Vender livros no Brasil nunca foi uma atividade fácil, mas a situação se agravou nos últimos dois anos. A conjuntura ruim derrubou o volume de vendas em cerca de 3% por ano desde 2015 e tem feito as grandes livrarias Saraiva, Livraria Cultura e Fnac atrasarem os pagamentos às editoras. Além da crise econômica, a chegada da Amazon ao Brasil, em 2014, atraiu para o e-commerce o cliente que antes comprava no varejo tradicional.
Como num efeito cascata, os donos de editoras estão sendo obrigados a demitir, reduzir a quantidade de lançamentos e, em alguns casos, lutar contra a possibilidade de fechar as portas.
Para se ter uma ideia do impacto, as grandes livrarias representam até 50% do total do faturamento de pequenas e médias editoras, por isso a situação é considerada grave pelos donos desses negócios. No ano passado, a Livraria Cultura comprou a operação da Fnac no Brasil.

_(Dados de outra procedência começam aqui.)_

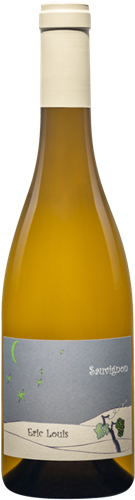Vin de France Sauvignon Blanc 2024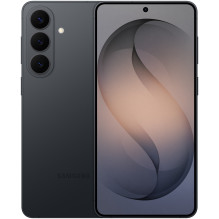 Telefonas „Samsung Galaxy S26 Plus S947 5G“ 12 GB RAM 512 GB Juodas Telefonas „Samsung Galaxy S26 Plus S947 5G“ 12 GB RAM 512 GB Juodas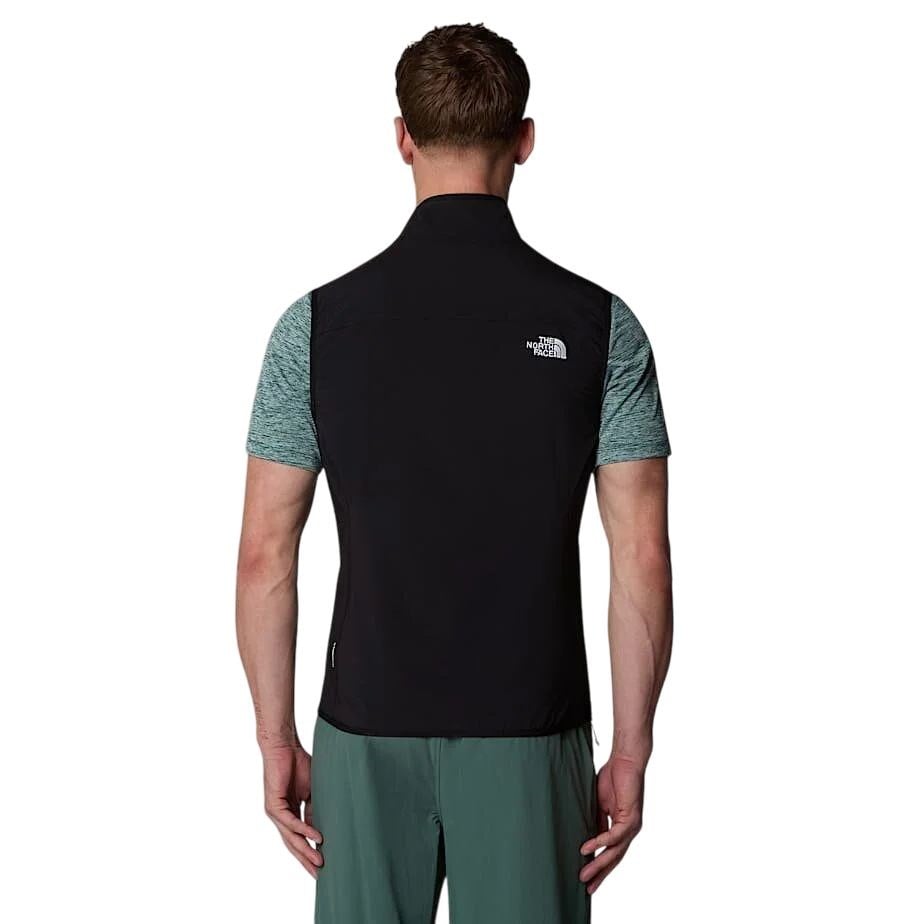 THE NORTH FACE M NIMBLE VEST - EU ERKEK YAĞMURLUK NF0A8CD7JK31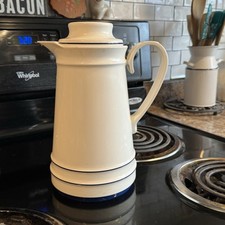 Vintage thermos model for sale  Marshall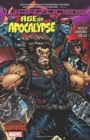 Image for Age Of Apocalypse: Warzones!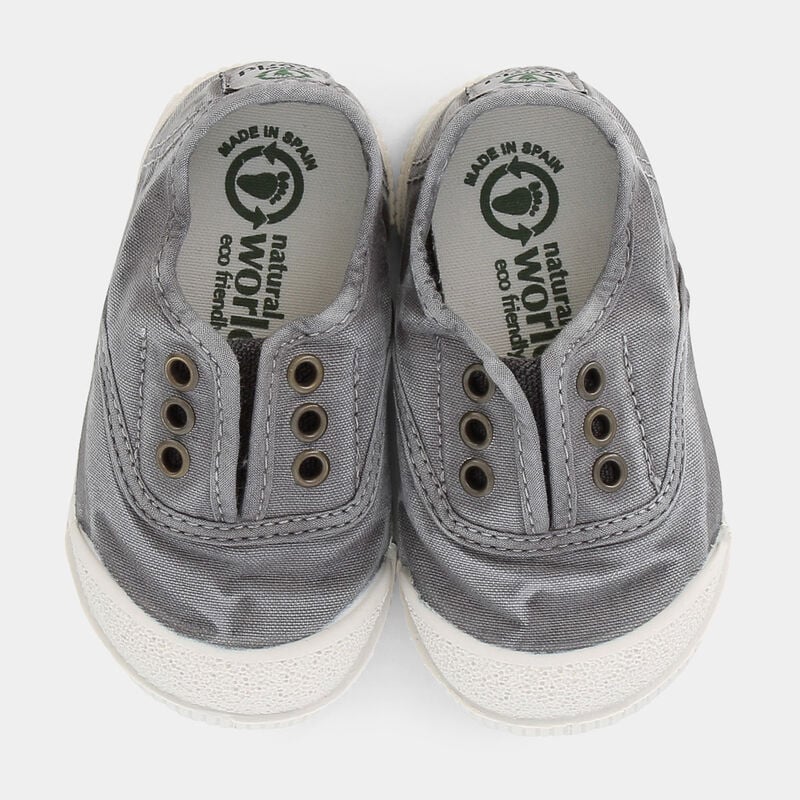 BAMBINO da BAMBINI | PRIMI PASSI NATURAL WORLD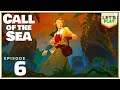 Let's Play Call Of The Sea #06 - Deutsch [PC - 1080p60]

“Chegamos ao caos. Não temos entrada de recurso. A situação é grave”, disse o dono de uma editora de médio porte que preferiu não se identificar.
Apesar dos calotes, pela grande representatividade nos resultados, muitas editoras continuam fornecendo seus produtos a essas livrarias de maior porte e temem tomar medidas como, por exemplo, recorrer à Justiça para receber o valor devido. É também por isso que, com receio de retaliação, o mais comum é encontrar os donos de editora reclamando da situação, mas pedindo anonimato.
Sem previsão de meçhora
Procurado para falar sobre o segmento, o Sindicato Nacional dos Editores de Livros (Snel) não respondeu aos pedidos de entrevista do GLOBO. Saraiva, Fnac e Livraria Cultura também não responderam às solicitações.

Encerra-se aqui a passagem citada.